The first part centred around Elbow-room in the universe, which was a performance-based project curated by Victoria for Enjoy Gallery in Wellington, that included work by artists Sholto Buck, Amy Howden-Chapman, Sonya Lacey, val smith and Fiona Williams.
All the work involved atmosphere, encounters, orientation, proximity and hospitality, and created environments that had room for and welcomed irresponsibility and freedom. Slender openings in time-space were created so that visitors to Enjoy might have the possibility of finding themselves in the midst of short and engaging interpersonal encounters.
For this talk Victoria focused on the work of val smith and Sonya Lacey.
· She spoke about the way that subtle bodies can be enacted using the example of val smith’s “Sexes on site – with light and air”, a 7 hour performance where smith, dressed in full PPE gear which made her ambiguous and devoid of gender, explored and tried to sense the built environment but was fully prevented from doing so by the PPE gear.

val smith, Sexes on site - with light and air, 2020.
Performer, beholder, space, light, sounds, and objects were intermingled. Her engagement with the site was contagious in that her experience was felt by the viewer.
· “New light wedge fiction”, with Sonya Lacey was a one on one performance where a participant listened to Sonya reading aloud while watching a ceiling fan working on the floor - both delicately activating the invisible with shared breath and movement of air.
· Victoria said she thinks about the small delicate things when facilitating performances and her curated relational performances relate to climate change, ecologies, and events.

Sonya Lacey, New light wedge fiction, 2020.
The second part of Victoria’s talk was titled On binding: Nuanced differentiation of vision and touch in the painting of Anoushka Akel.

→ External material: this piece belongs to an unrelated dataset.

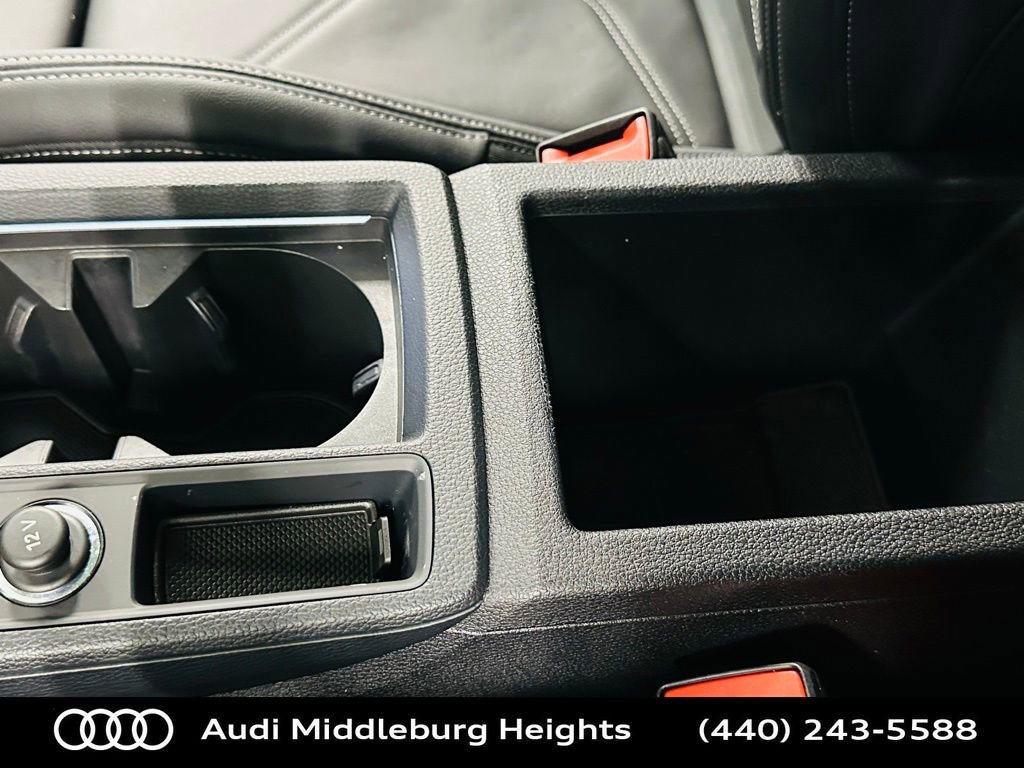 Certified 2024 Audi Q3 2.0T Premium Plus image 22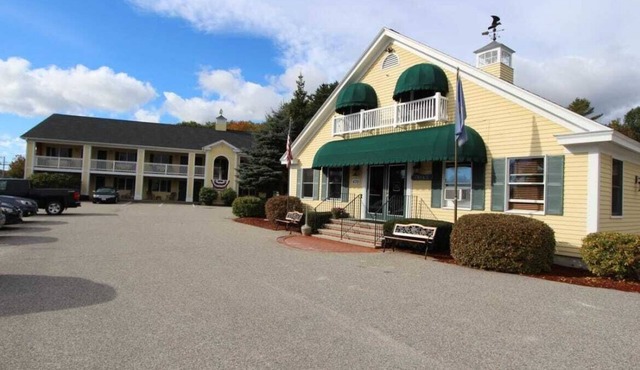 Charming condo in beautiful Ogunquit with Pool and Free shuttle! in Ogunquit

Anoushka Akel, Wet Physics, 2021

Anoushka Akel, Examiner 2, 2020

Anoushka Akel, Clock, 2023

Anoushka Akel, Being Marthe, 2021
· Using the examples of four of Akel’s paintings, “Wet Physics”, “Examiner 2, “Clock” and “Being Marthe”, Victoria spoke about ideas of membranism and the transfer event of object to body, acts of wet contact, and binding as the overarching methodological approach. She spoke about the way that vision can be tactile and how opening up visuality acknowledges vision’s location in the body. She referenced author Lisa Samuel’s relational theory of the concurrence of the visual, haptic and bodily and the unity of sensing and the sensed.
· Victoria says that the core of these two talks is fighting against the idea of separation and the different ways that art can connect. The openness and porousness of us and art – art is us and we are art.